Work task
Without changing a character, return the entries, but not the images they hold.

++++ The data

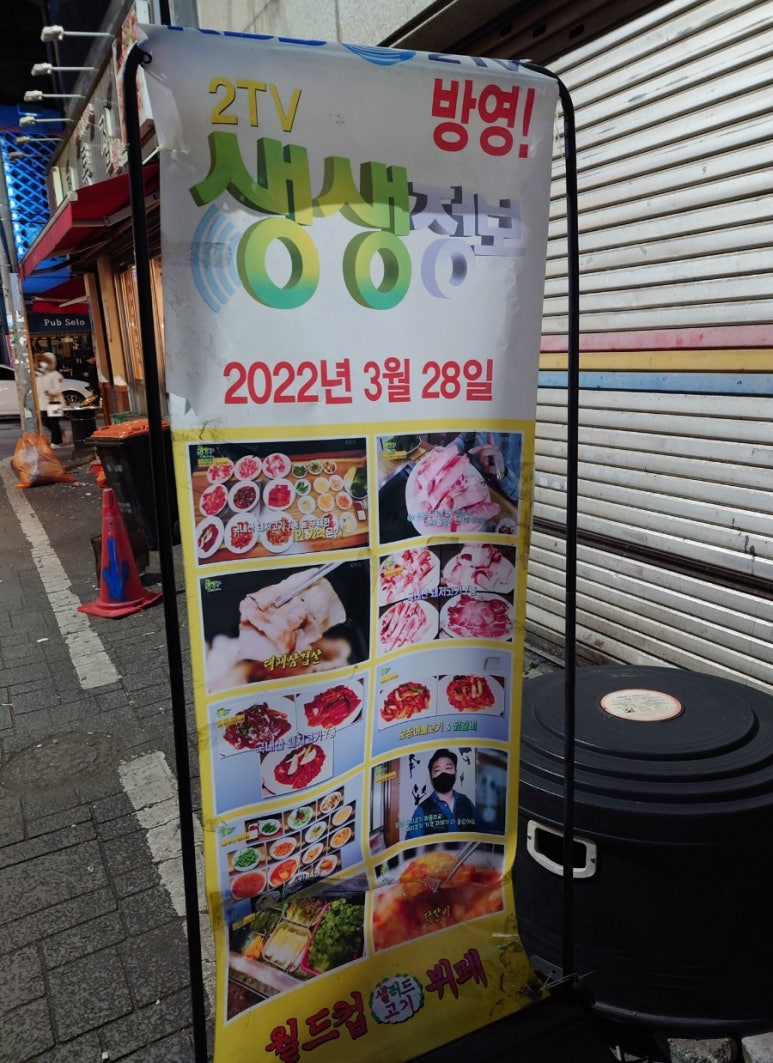 월드컵고기뷔페 이미지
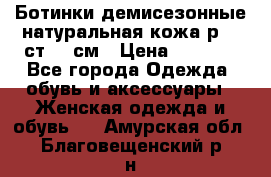 Ботинки демисезонные натуральная кожа р.40 ст.26 см › Цена ­ 1 200 - Все города Одежда, обувь и аксессуары » Женская одежда и обувь   . Амурская обл.,Благовещенский р-н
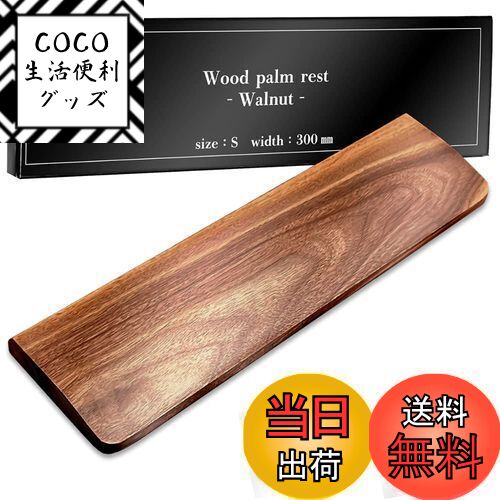 【送料無料】【GOODA掲載】Enich agent 木製リストレスト ウォールナット 無垢材 高級木材使用 すべり止め付 キーボード用 パームレスト 高さ調整...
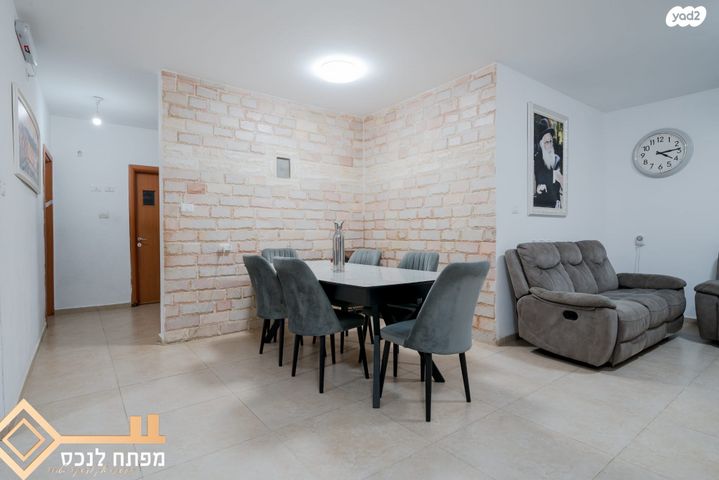 דירה, יובל, קרית מנחם בגין, נתיבות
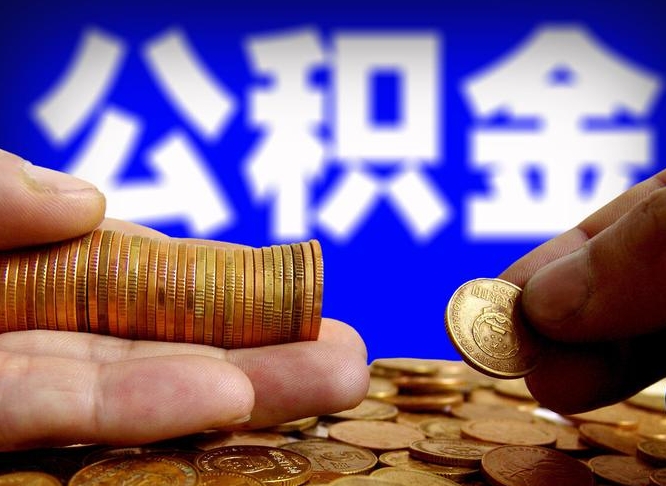 公积金是怎么发放的-黑龙江公积金代办平台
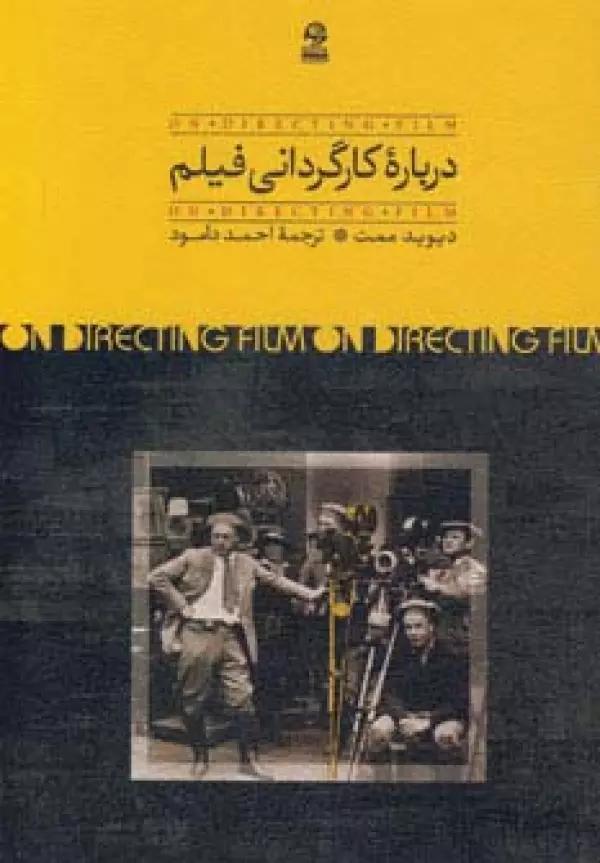 درباره کارگردانی فیلم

++++++++

Solution
 월드컵고기뷔페 이미지
 Ботинки демисезонные натуральная кожа р.40 ст.26 см › Цена ­ 1 200 - Все города Одежда, обувь и аксессуары » Женская одежда и обувь   . Амурская обл.,Благовещенский р-н
 【送料無料】【GOODA掲載】Enich agent 木製リストレスト ウォールナット 無垢材 高級木材使用 すべり止め付 キーボード用 パームレスト 高さ調整...
 דירה, יובל, קרית מנחם בגין, נתיבות
 公积金是怎么发放的-黑龙江公积金代办平台
 درباره کارگردانی فیلم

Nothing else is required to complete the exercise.